DATA UNDER STUDY section start

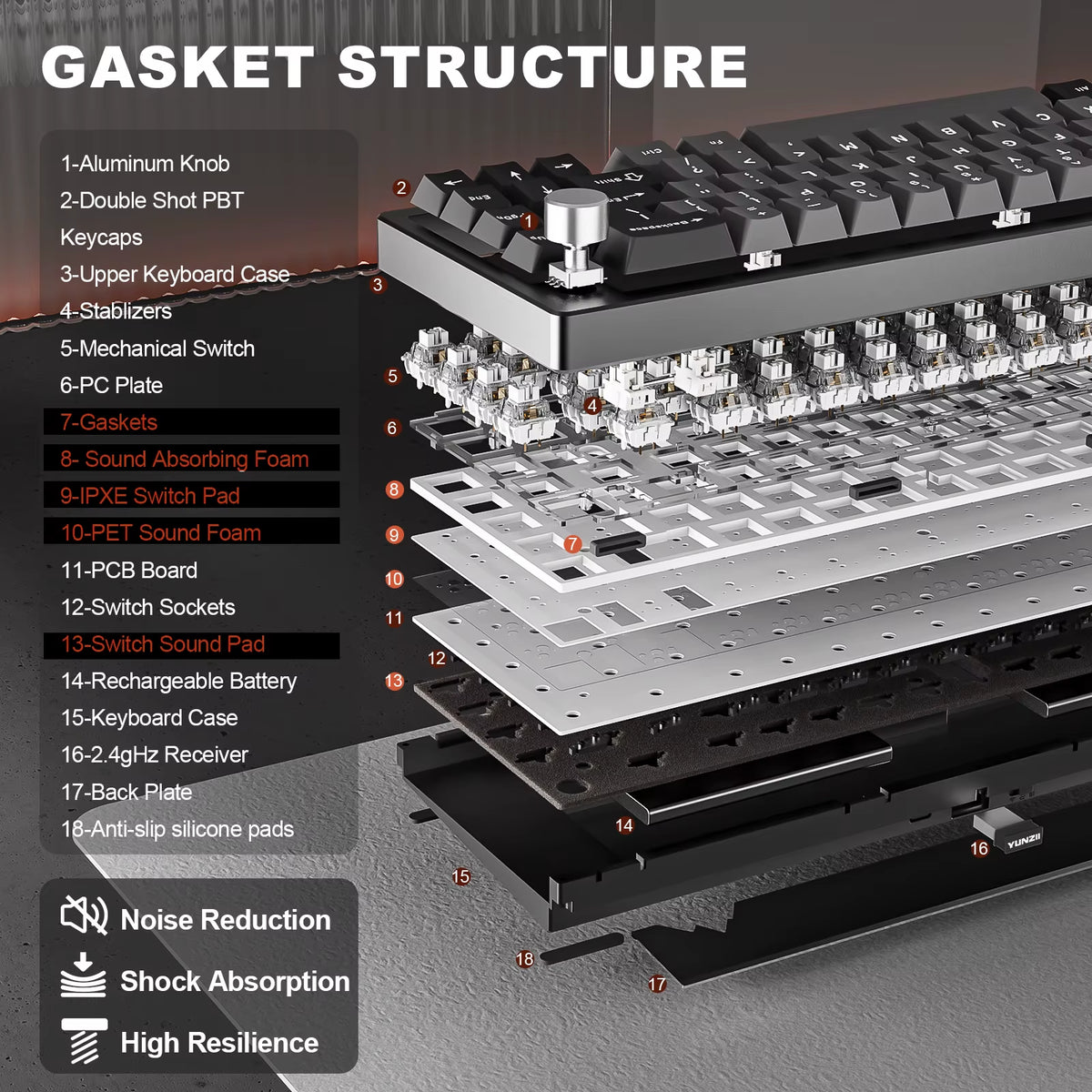 YUNZII AL68 Silver Wireless Custom Mechanical Keyboard, QMK/VIA Aluminum Keyboard, Hot Swap Gasket Gaming Keyboard with Knob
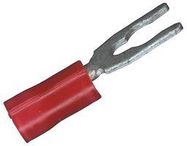 TERMINAL, SPADE/FORK, #8, CRIMP, RED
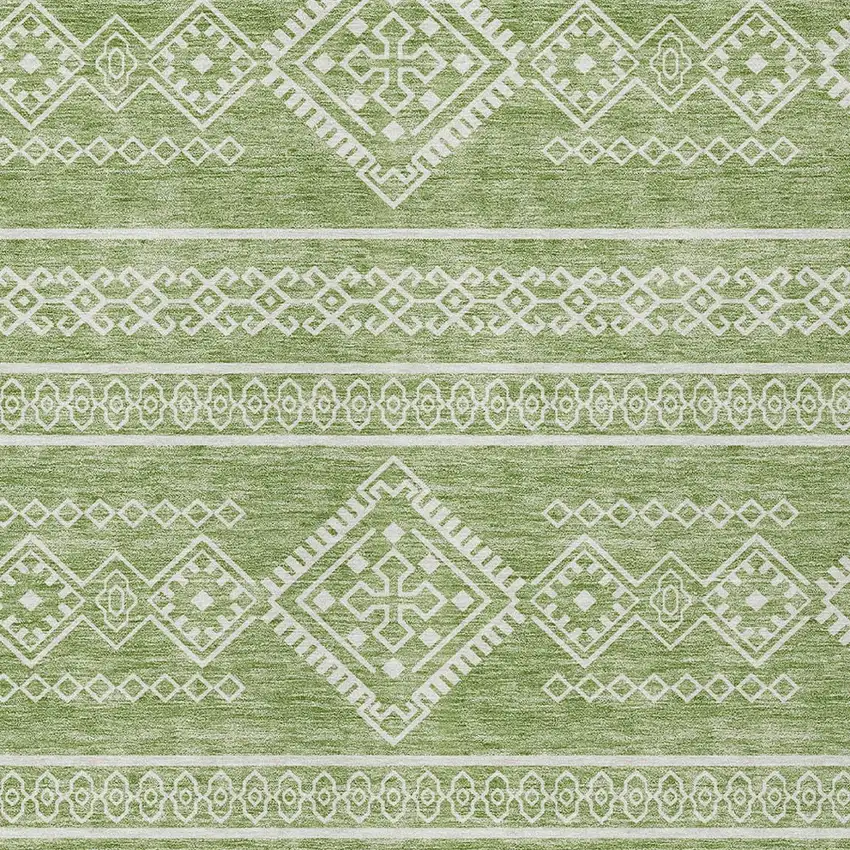Green And Ivory Southwestern Washable Indoor Outdoor Area Rug Photo 5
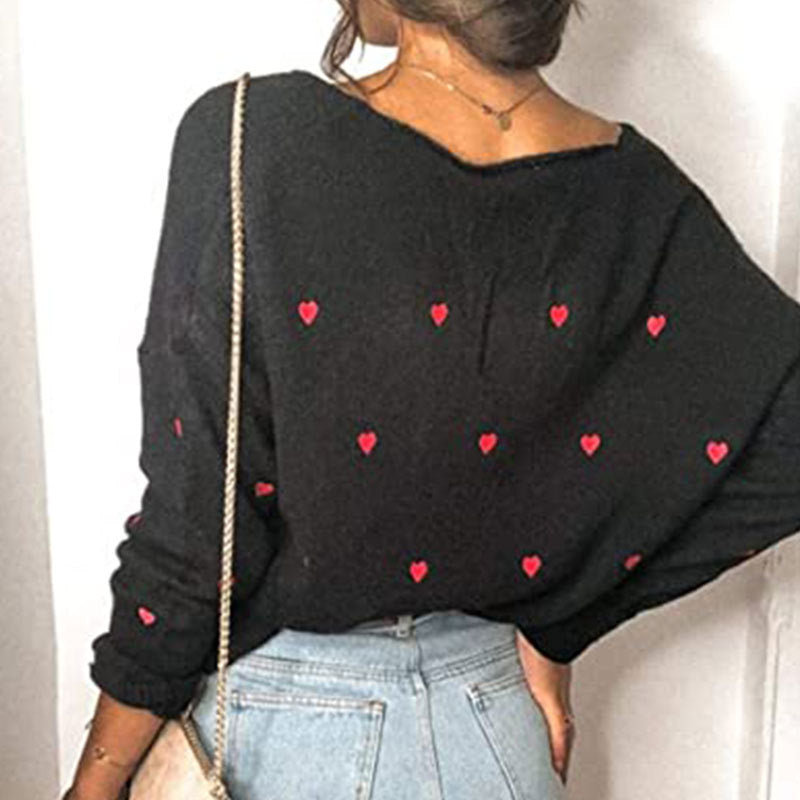 Stunncal Love Polka Dot V-Neck Sweater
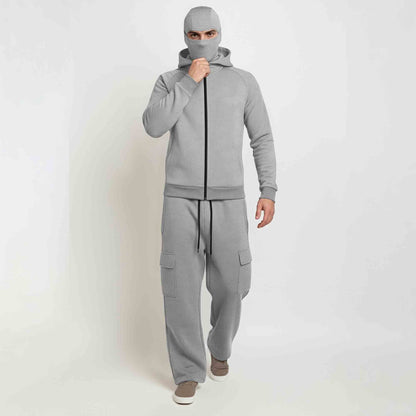 Tracksuit For Winter Mask Grey Jacket - Plain Grey Baggy Cargo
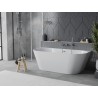 Mexen Oval Slim samostojeća kada uz zid 170 x 80 cm, bijela, preljev gun gray brušeni - 52661708000-66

DATA UNDER STUDY section end

(YOUR TASK) Repeat all entries exactly. Skip the pictures.

(THE ANSWER)
 YUNZII AL68 Silver Wireless Custom Mechanical Keyboard, QMK/VIA Aluminum Keyboard, Hot Swap Gasket Gaming Keyboard with Knob
 TERMINAL, SPADE/FORK, #8, CRIMP, RED
Green And Ivory Southwestern Washable Indoor Outdoor Area Rug Photo 5
 Stunncal Love Polka Dot V-Neck Sweater
 Tracksuit For Winter Mask Grey Jacket - Plain Grey Baggy Cargo
 Mexen Oval Slim samostojeća kada uz zid 170 x 80 cm, bijela, preljev gun gray brušeni - 52661708000-66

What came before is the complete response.